• _Task instructions_: The result should be the listing below, restated exactly, with its pictures left out.
[Start of section]
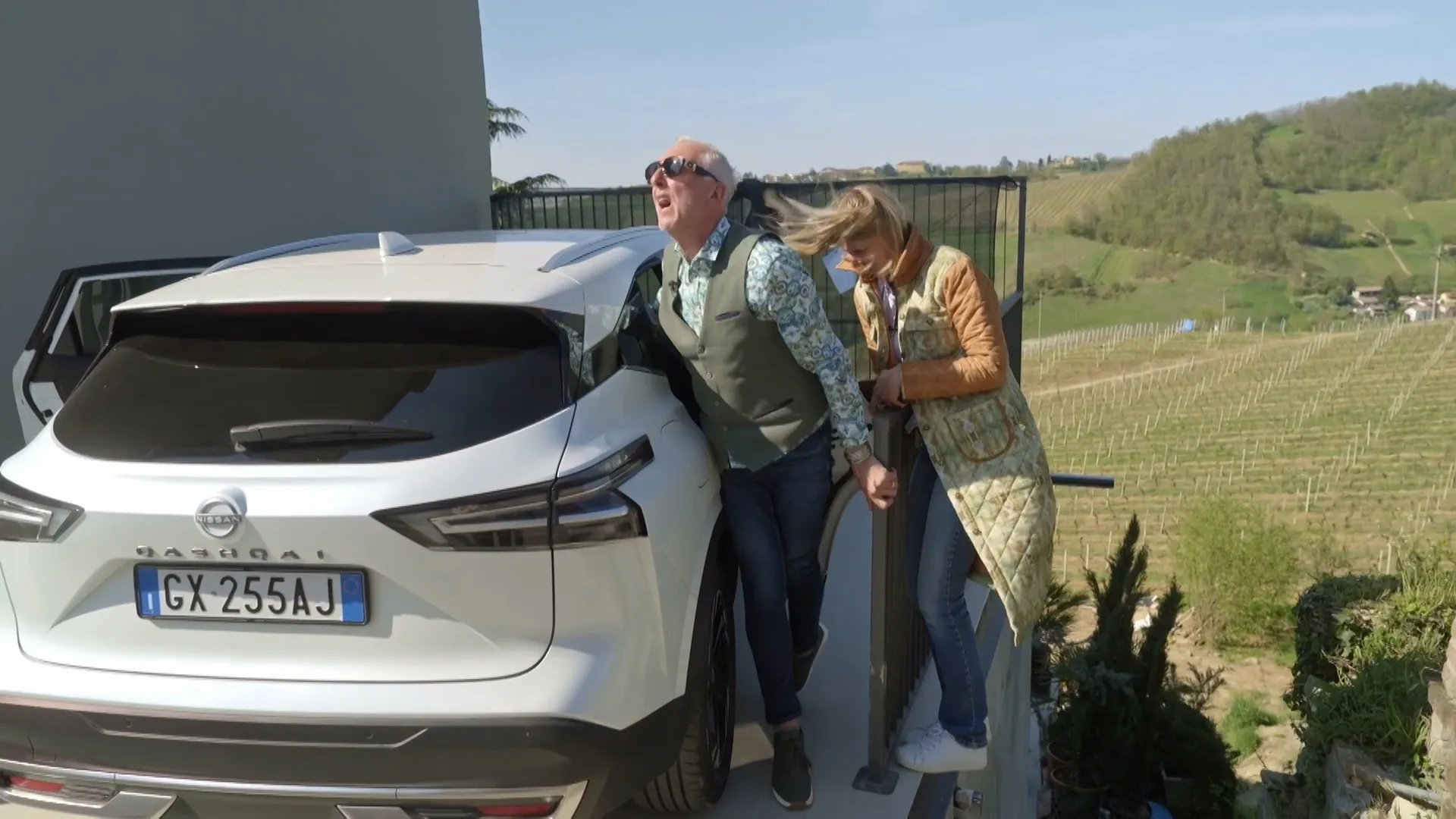 Martien Meiland zit klem in de auto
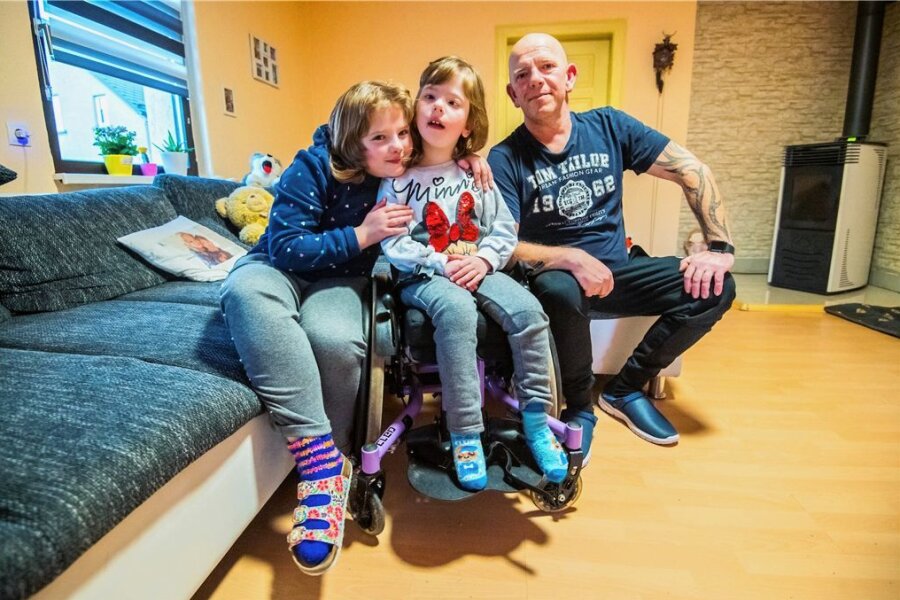 "Leser helfen"-Spendenaktion: Starkes Trio könnte ein neues Auto gebrauchen - Lilli, Lina und Vater Mirko Heinz sind ein Trio, das gut miteinander auskommt. Die siebenjährige Lina sitzt im Rolli. "Und doch ist sie der Boss bei uns Zuhause", sagt der Papa voller Stolz. 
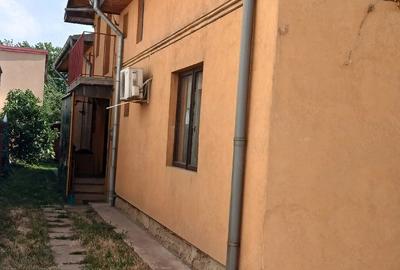 Casă cu Teren 270 Mp în Rahova - 3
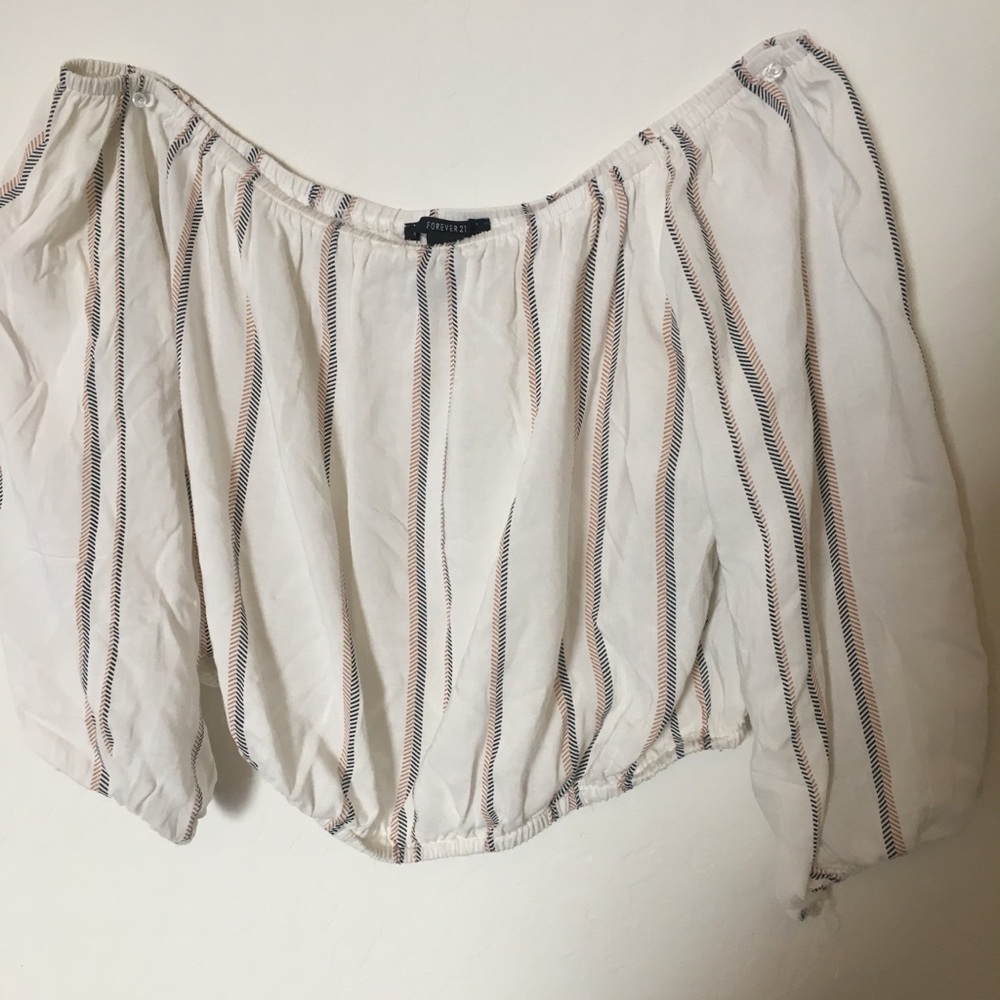 over the shoulder flowy crop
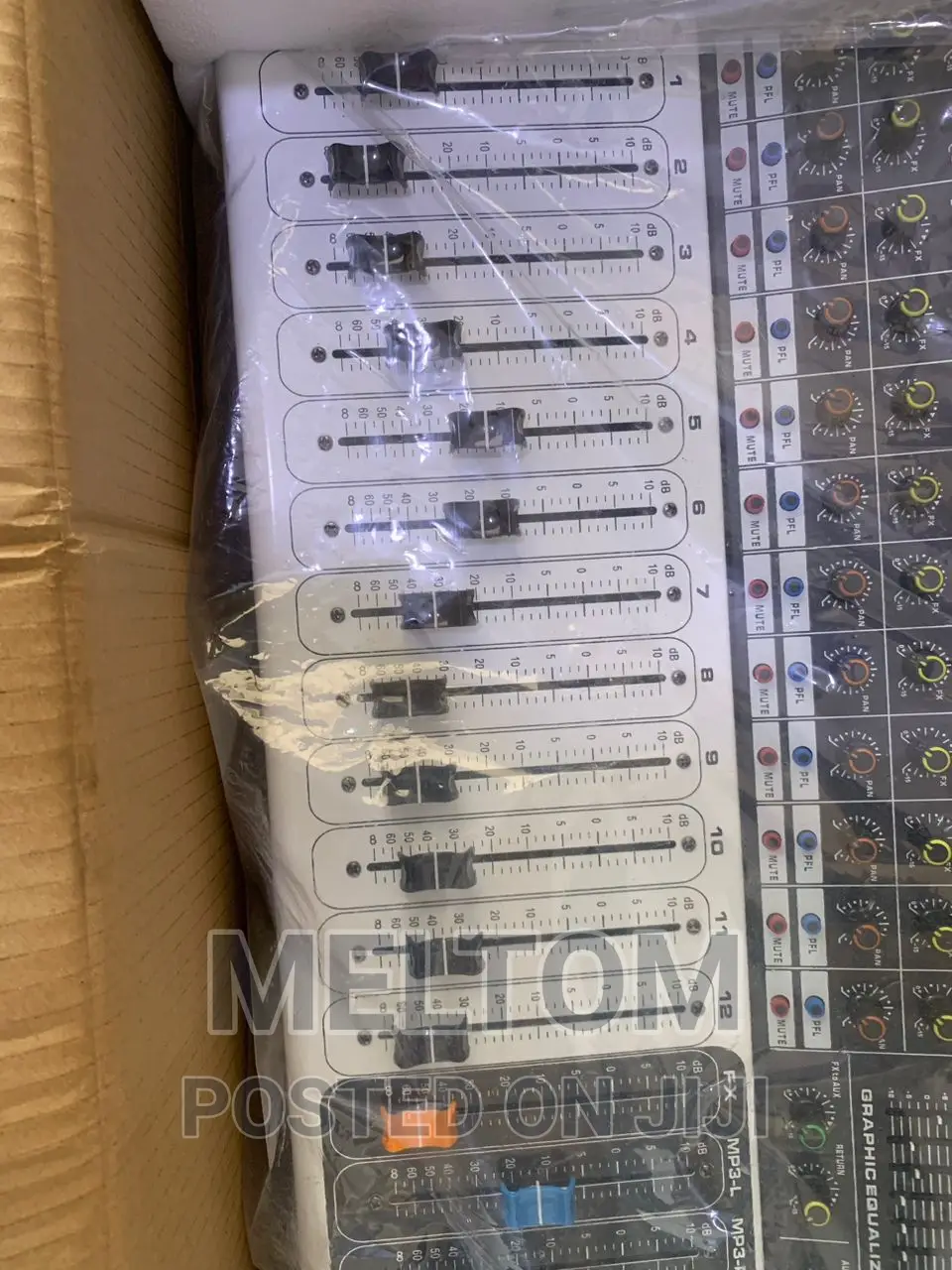 Yamaha Kv120 12channels Powered Amplified Mixer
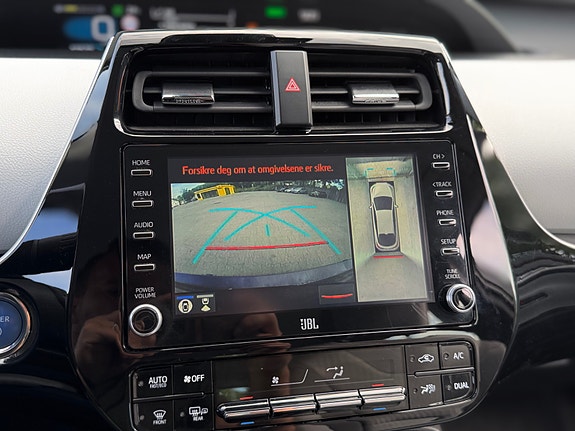 Toyota Prius Plug-in Hybrid 27 of 30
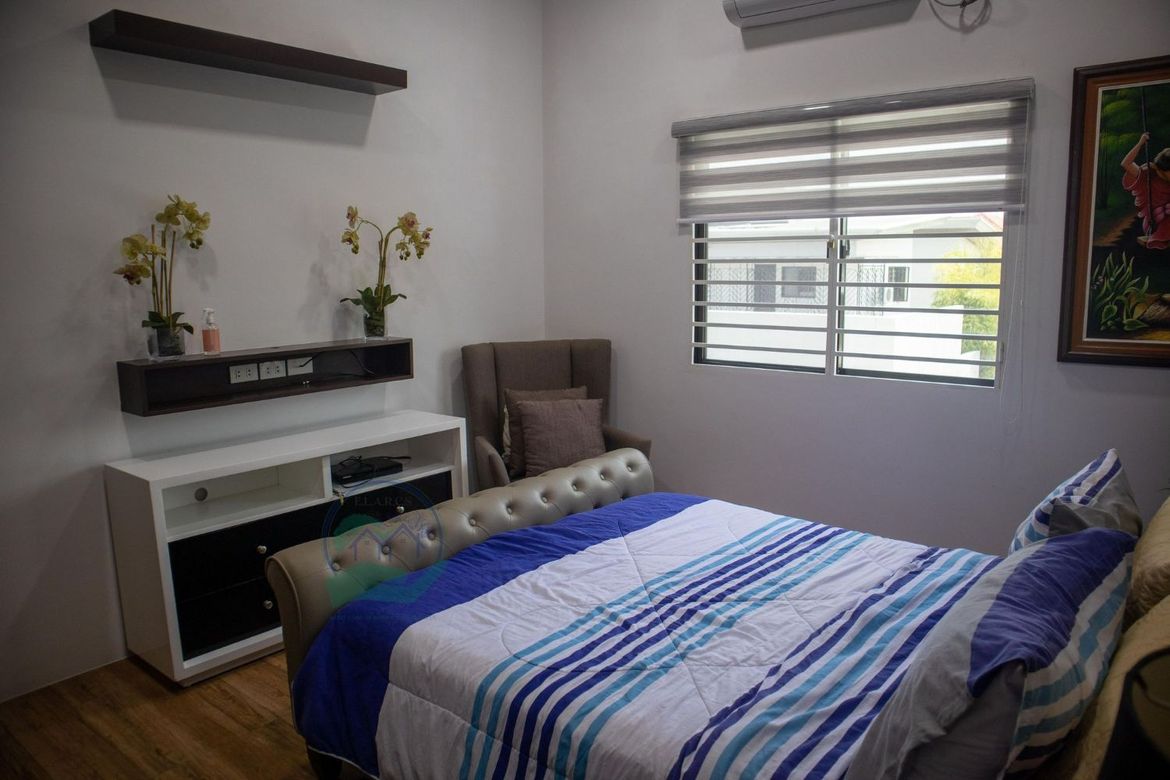 4 Bedroom House for Sale in Angeles, Pampanga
[End of section]
• _Solution to this problem_:
 Martien Meiland zit klem in de auto
 "Leser helfen"-Spendenaktion: Starkes Trio könnte ein neues Auto gebrauchen - Lilli, Lina und Vater Mirko Heinz sind ein Trio, das gut miteinander auskommt. Die siebenjährige Lina sitzt im Rolli. "Und doch ist sie der Boss bei uns Zuhause", sagt der Papa voller Stolz. 
 Casă cu Teren 270 Mp în Rahova - 3
 over the shoulder flowy crop
 Yamaha Kv120 12channels Powered Amplified Mixer
 Toyota Prius Plug-in Hybrid 27 of 30
 4 Bedroom House for Sale in Angeles, Pampanga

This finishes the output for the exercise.